B-spline polynomial descriptors for human activity recognition

The extraction and quantization of local image and video descriptors for the subsequent creation of visual codebooks is a technique that has proved extremely effective for image and video retrieval applications. In this paper we build on this concept and extract a new set of visual descriptors that are derived from spatiotemporal salient points detected on given image sequences and provide local space-time description of the visual activity. The proposed descriptors are based on the geometrical properties of three-dimensional piecewise polynomials, namely B-splines, that are fitted on the spatiotemporal locations of the salient points that are engulfed within a given spatiotemporal neighborhood.
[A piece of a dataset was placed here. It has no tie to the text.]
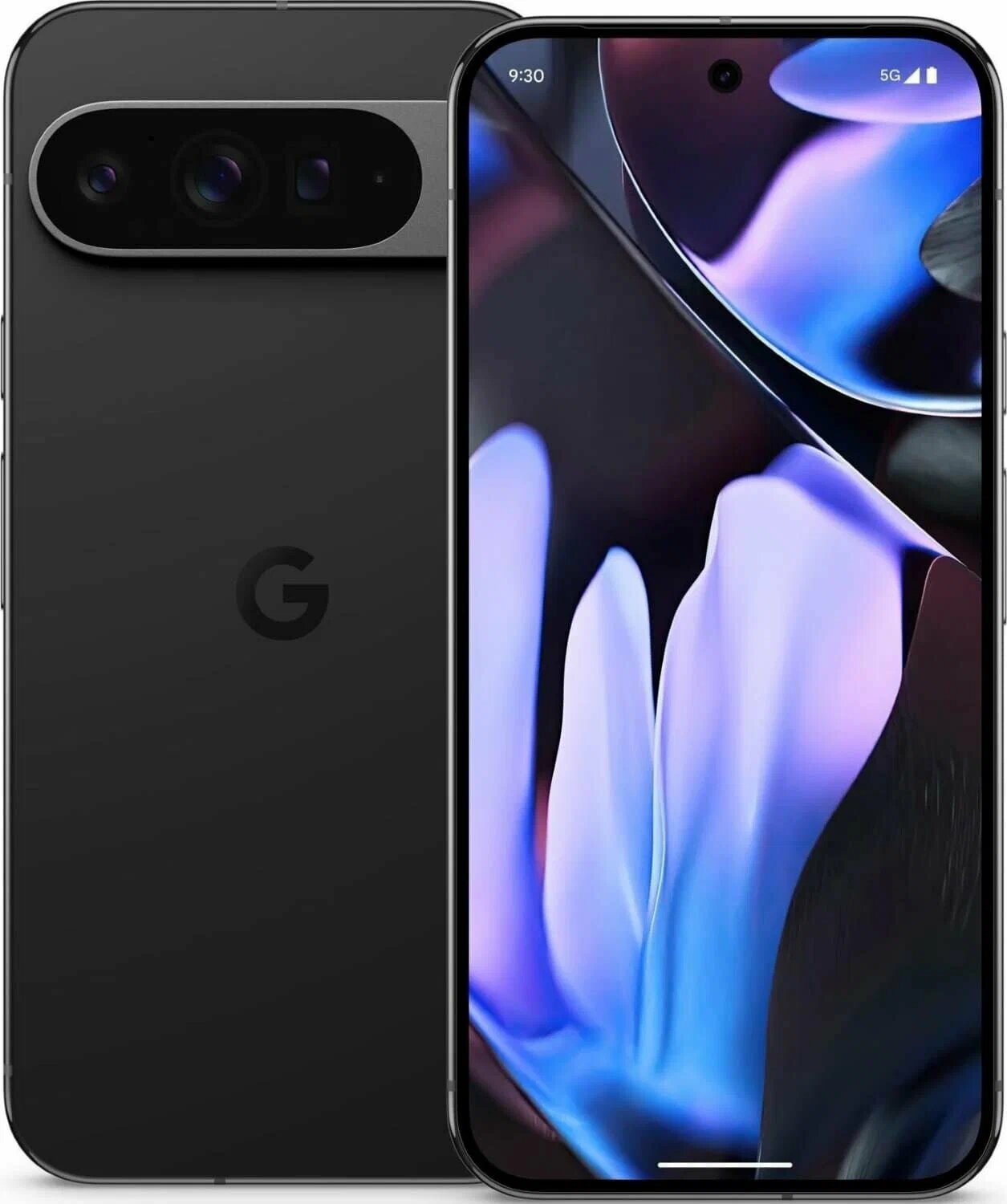 Смартфон Google Pixel 9 Pro XL 16/128GB JP (16 ГБ, 128 ГБ, Чёрный, JP)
Our descriptors are inherently translation invariant, while the use of the scales of the salient points for the definition of the neighborhood dimensions ensures space-time scaling invariance. Subsequently, a clustering algorithm is used in order to cluster our descriptors across the whole dataset and create a codebook of visual verbs, where each verb corresponds to a cluster center. We use the resulting code- book in a 'bag of verbs' approach in order to recover the pose and short-term motion of subjects at a short set of successive frames, and we use dynamic time warping (DTW) in order to align the sequences in our dataset and structure in time the recovered poses. We define a kernel based on the similarity measure provided by the DTW to classify our examples in a relevance vector machine classification scheme. We present results in a well established human activity database to verify the effectiveness of our method.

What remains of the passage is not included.